Jackson avoided the pitfalls around Cornyn’s question and responded with extraordinary grace. She observed that race was an inappropriate factor in her decision-making. She then quoted iconic Supreme Court Justice Oliver Wendell Holmes: “The life of the law has not been logic. It has been experience.” 

She then added, “I’ve experienced life in perhaps a different way than some of my colleagues because of who I am, and that might be valuable, if I was confirmed to the court.”

After getting his question answered, Cornyn voted against Jackson.

Judge Ketanji Brown Jackson was born in Washington, D.C., and raised in Miami, the child of a teacher and a lawyer. In her nomination acceptance speech, she said that her interest in law goes all the way back to seeing her dad study while he was in law school. Her own legal experience includes time as a federal public defender.

In March 2017, she told students at the University of Georgia law school: “I learned how to reason and how to write. And I gained the self-confidence that can sometimes be quite difficult for women and minorities to develop at an early age. I have no doubt that of all of the various things that I’ve done, it was my high school experience as a competitive speaker that taught me how to lean in, despite the obstacles. To stand firm in the face of challenges. To work hard. To be resilient. To strive for excellence. And to believe that anything is possible.”

Civil rights activists, both traditional and new wave, stand ready to fight for Jackson’s nomination. This is why the #SheWillRise campaign at SistaSCOTUS.com has one measurable, achievable goal: to ensure a Black woman sits on the Supreme Court.

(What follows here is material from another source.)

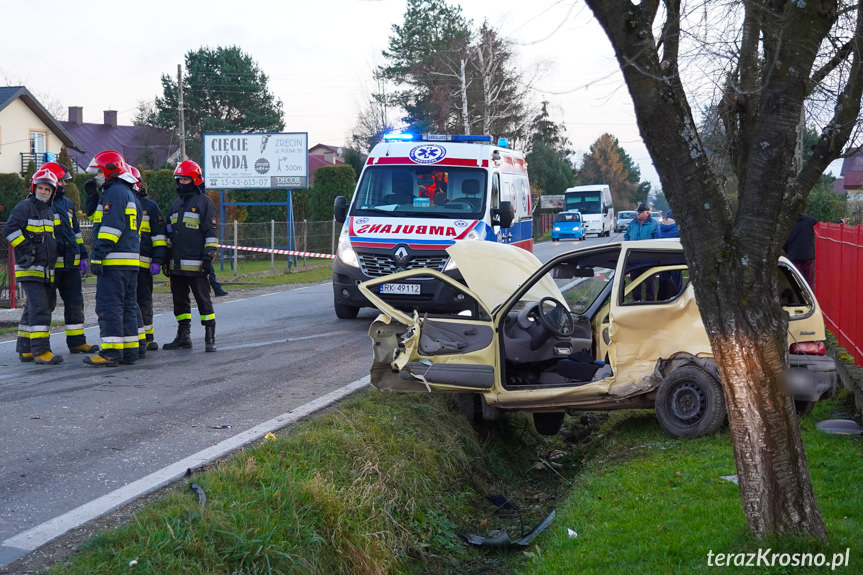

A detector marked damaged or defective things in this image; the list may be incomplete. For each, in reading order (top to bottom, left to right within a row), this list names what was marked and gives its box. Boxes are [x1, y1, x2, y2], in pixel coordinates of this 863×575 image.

car windshield shattered [350, 168, 486, 222]
damaged yellow car [362, 241, 840, 438]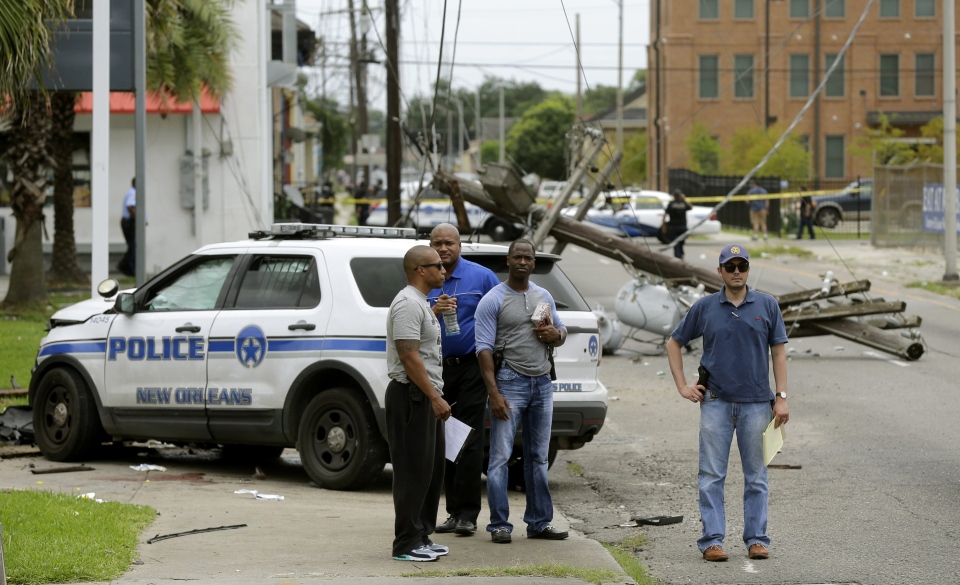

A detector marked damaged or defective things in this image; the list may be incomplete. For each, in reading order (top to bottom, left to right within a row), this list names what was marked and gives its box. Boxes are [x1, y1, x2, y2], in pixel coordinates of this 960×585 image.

broken wooden utility pole [432, 169, 928, 360]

The group takes its name from Maya Angelou’s classic poem “Still I Rise” and uses the tagline “Using #BlackGirlMagic to get the first Black woman appointed to the U.S. Supreme Court” on its Twitter account.

Kimberly Tignor, the co-founder of the #SheWillRise campaign, is eager about Brown Jackson’s momentous step into American history.

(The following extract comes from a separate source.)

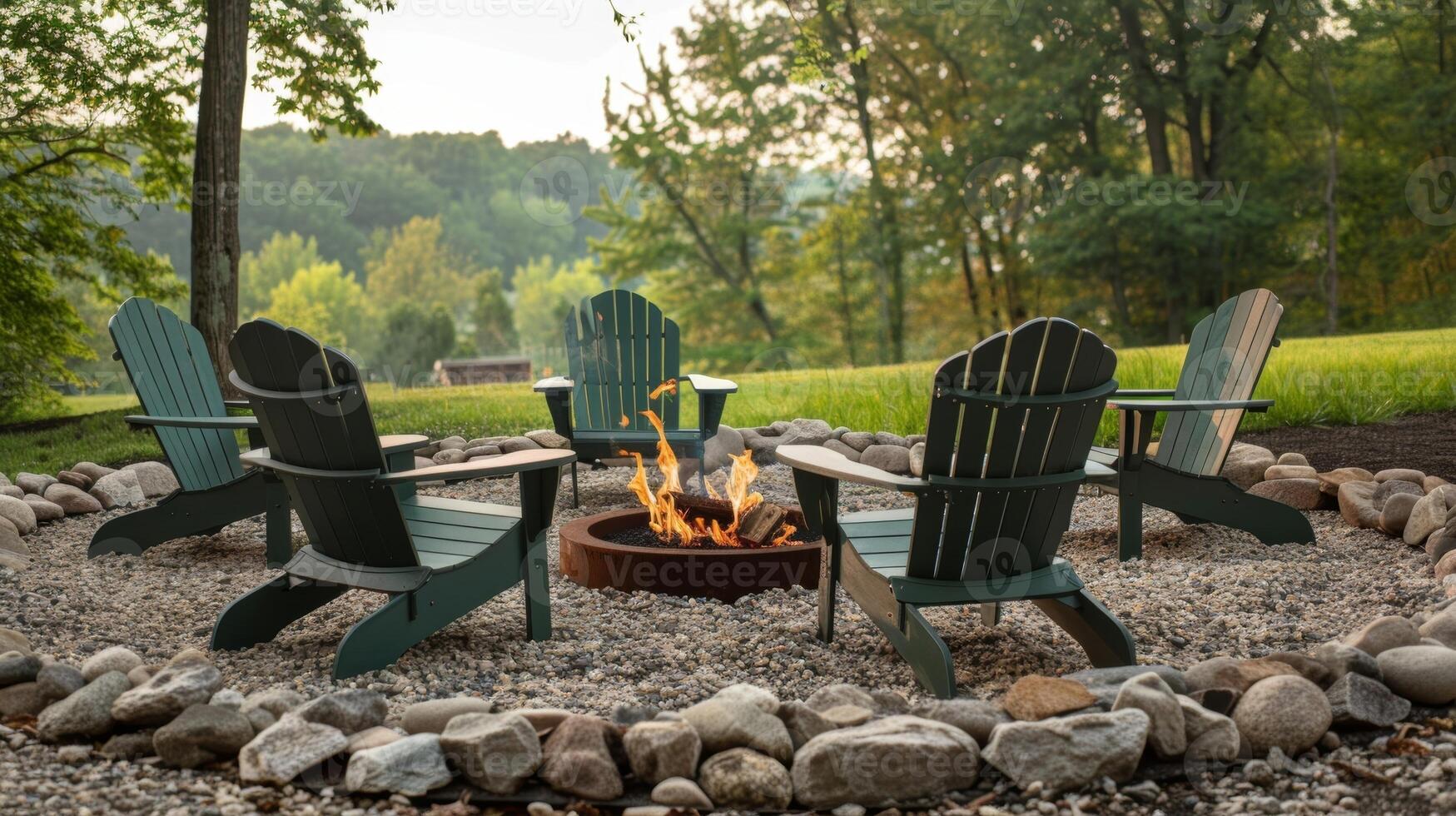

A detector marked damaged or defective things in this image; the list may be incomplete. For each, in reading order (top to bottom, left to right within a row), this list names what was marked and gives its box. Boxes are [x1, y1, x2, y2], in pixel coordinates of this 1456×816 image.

rusted metal fire pit rim [559, 507, 827, 556]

“I think that what excited me the most, and that she just did so perfectly during her speech, is that she brings humanity and kindness,” noted Tignor on MSNBC recently. “I think it is in her aura…it is the feeling that the Court is not this distant thing made up of justices that cannot relate at all to your day-to-day life. She removed that. And she showed up as a complete person. As a mother. As a community advocate.”

Tignor goes on to say that “it’s that humanity that she brings to this moment and to her interactions that I think is just so wonderful and important.”